Be careful: R tries to be helpful and convert between types/classes when it thinks it’s a good idea. Sometimes it is overly optimistic.

indices <- c(1.7, 2.3)
ints[indices]
## [1] 1 2
ints[0.999999999]
## integer(0)

Converting between different types: quick quiz

POLL 3E:

(just respond in your head; I won’t collect the answers online)

Question 1: What do you think this will do?

ints <- 1:5
ints[0.9999]
  1. return an error
  2. return 1
  3. return an empty vector

Question 2: What does the code do when it tries to use 0.9999 to subset?
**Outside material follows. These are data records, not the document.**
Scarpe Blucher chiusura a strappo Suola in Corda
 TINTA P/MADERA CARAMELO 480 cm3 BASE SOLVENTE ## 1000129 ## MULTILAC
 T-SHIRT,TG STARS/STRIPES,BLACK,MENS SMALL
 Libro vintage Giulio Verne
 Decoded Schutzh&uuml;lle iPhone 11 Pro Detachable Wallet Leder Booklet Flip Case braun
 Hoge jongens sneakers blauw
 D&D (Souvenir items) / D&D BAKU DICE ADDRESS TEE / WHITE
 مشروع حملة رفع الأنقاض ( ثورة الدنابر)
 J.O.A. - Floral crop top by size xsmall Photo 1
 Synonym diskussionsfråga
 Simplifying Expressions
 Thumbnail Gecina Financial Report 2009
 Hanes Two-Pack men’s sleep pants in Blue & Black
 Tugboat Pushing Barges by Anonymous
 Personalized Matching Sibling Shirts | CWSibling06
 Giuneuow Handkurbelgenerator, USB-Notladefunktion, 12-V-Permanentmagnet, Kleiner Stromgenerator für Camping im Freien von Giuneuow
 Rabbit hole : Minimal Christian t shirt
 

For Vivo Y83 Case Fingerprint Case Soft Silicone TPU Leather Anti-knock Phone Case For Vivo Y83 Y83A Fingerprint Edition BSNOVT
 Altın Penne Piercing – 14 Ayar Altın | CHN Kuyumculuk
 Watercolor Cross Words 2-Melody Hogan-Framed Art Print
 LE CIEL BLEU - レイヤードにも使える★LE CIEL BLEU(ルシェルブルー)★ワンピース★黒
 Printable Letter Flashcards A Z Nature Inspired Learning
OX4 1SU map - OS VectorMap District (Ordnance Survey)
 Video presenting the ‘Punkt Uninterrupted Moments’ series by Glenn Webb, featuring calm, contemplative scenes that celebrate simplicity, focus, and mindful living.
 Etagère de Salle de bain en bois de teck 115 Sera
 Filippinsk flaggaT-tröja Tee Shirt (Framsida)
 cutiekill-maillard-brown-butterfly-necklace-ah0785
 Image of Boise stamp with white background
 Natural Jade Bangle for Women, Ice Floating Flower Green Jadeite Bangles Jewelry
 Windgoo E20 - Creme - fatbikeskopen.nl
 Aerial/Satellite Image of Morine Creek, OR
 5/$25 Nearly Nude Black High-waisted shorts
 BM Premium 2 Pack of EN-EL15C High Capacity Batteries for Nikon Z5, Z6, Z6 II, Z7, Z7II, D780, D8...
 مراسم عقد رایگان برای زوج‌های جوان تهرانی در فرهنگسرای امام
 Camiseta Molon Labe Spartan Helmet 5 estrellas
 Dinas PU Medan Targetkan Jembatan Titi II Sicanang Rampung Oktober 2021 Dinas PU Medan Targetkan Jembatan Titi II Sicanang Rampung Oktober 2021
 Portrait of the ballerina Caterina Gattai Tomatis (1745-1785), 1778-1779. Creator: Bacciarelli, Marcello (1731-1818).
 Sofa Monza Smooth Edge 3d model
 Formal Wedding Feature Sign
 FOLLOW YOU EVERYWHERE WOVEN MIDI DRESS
  1. round the 0.9999 to 1
  2. truncate the 0.9999 to 0
  3. return an error

Factors

## let's read the Gapminder data from a file with a special argument:
gapminder <- read.csv(file.path('..', 'data', 'gapminder-FiveYearData.csv'),
          stringsAsFactors = TRUE) # This was the default before R 4.0
class(gapminder$continent)
## [1] "factor"
head(gapminder$continent) # What order are the factors in?
## [1] Asia Asia Asia Asia Asia Asia
## Levels: Africa Americas Asia Europe Oceania
levels(gapminder[["continent"]])  # note alternate way to get the variable
## [1] "Africa"   "Americas" "Asia"     "Europe"   "Oceania"
summary(gapminder$continent)
##   Africa Americas     Asia   Europe  Oceania 
##      624      300      396      360       24

(Advanced) Ordering the Factor (optional)

This example is a bit artificial as ‘continent’ doesn’t really have a natural ordering.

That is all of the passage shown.